The wife and I went to our son’s annual IEP meeting at West High School, and I find it concerning that a minimum passing grade to graduate seems to be all they are concerned about, with the IEP manager starting the meeting by saying “Conner is on track to graduate”, following that up with “he puts in the minimum effort to get a passing grade”, that passing grade being a D, that’s just 60 points out of 100.
As outlined before in my post about Conner stealing old phones from myself and his grandmother in the past year, and using them in class, connecting to the school’s WiFi network as the phones obviously did not have service. Again, it concerns me that, 1) he is allowed to have a cellphone in class, and 2) that they don’t notify us as parents that he is using a phone in class, instead of completing his assigned work.
It’s insane that students are not forced to keep electronic devices in their locker, as to not be a distraction in class. Especially, in today’s world where everything is Internet-connected and kids being obsessed with social and streaming media. I would support a move where teachers can confiscate such devices if it’s being used in class, requiring a parent to pick up the device from the school office at the end of the day.
Unfortunately, this is who our son is; he tried to justify his stealing, “as it wasn’t being used, I thought it was fine to take the phone”. He wrote an apology to his grandmother, which was “me, me, me”, not an apology in any way, shape or form.
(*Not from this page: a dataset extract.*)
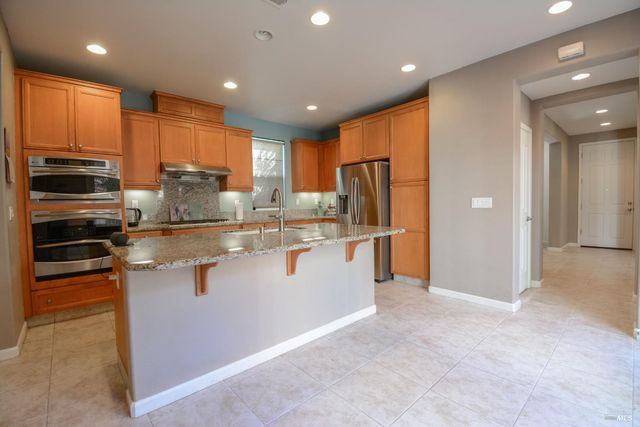 1026 FLAGSHIP Dr, Vallejo, CA 94592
Writing about the personal consequences of his actions, rather than saying sorry for stealing from his grandmother, he does not have a single thought about other’s feelings.
And, doing the bare minimum possible is his mantra in everything he does. For example, when we ask him to do the dishes, he’ll refuse to rinse plates, putting the dishes straight into the dishwasher, and 1/4 of the time, not put a tablet into the dishwasher, meaning I have to do the dishes a second time.
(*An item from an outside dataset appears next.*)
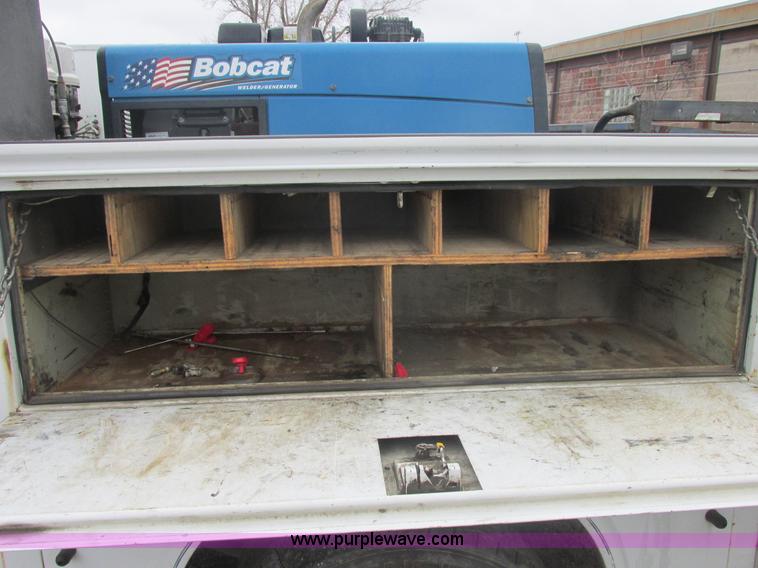 image for item E7115 2006 Chevrolet C5500 service truck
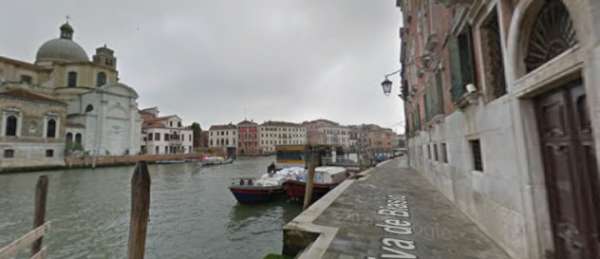 Foto VENEZIA - SPLENDIDO TRILOCALE DI 70 MQ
I was not so concerned in previous years, thinking “he’ll snap out of it”, but he’ll be 16 this August, and if anything, this minimum effort, self-entitlement attitude has gotten worse. I fear for his future in the workplace, the employee pool is huge, and employers won’t keep someone who is not putting in their best effort. This is doubly troubling when autistic adults have a less than 20% employment rate already.
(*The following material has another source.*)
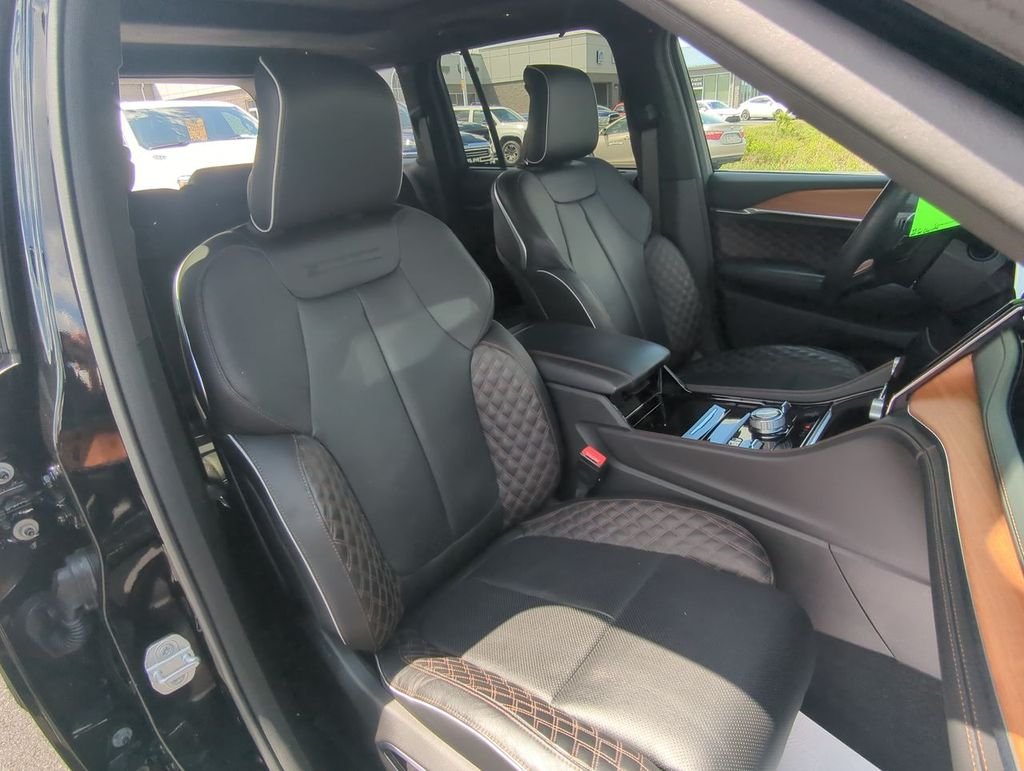 Used 2022 Black Jeep Summit Reserve image 26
The bottom line, I think the Wichita Unified School District is failing our children, allowing our kids to basically do what they want in class, using phones and tablets, when they should be learning. I can’t speak for other parents, but when I see multiple D’s and F’s at any given time during the school year on our son’s grade book, I can’t just accept it. Part of it is on our son, but an equal part is teachers and staff failing our son, while keeping us, as parents out of the loop, until halfway through the school year.
To expand, this is a systematic problem, maybe, if our schools were funded properly by state legislatures, schools would not have such low expectations for their students. This is a big problem in Kansas, which is still suffering from the fallout from Gov. Sam Brownback’s tenure with block grants and the debunked trickle-down economics theory. Of course, lesser-educated kids are easier to control, knowledge is power.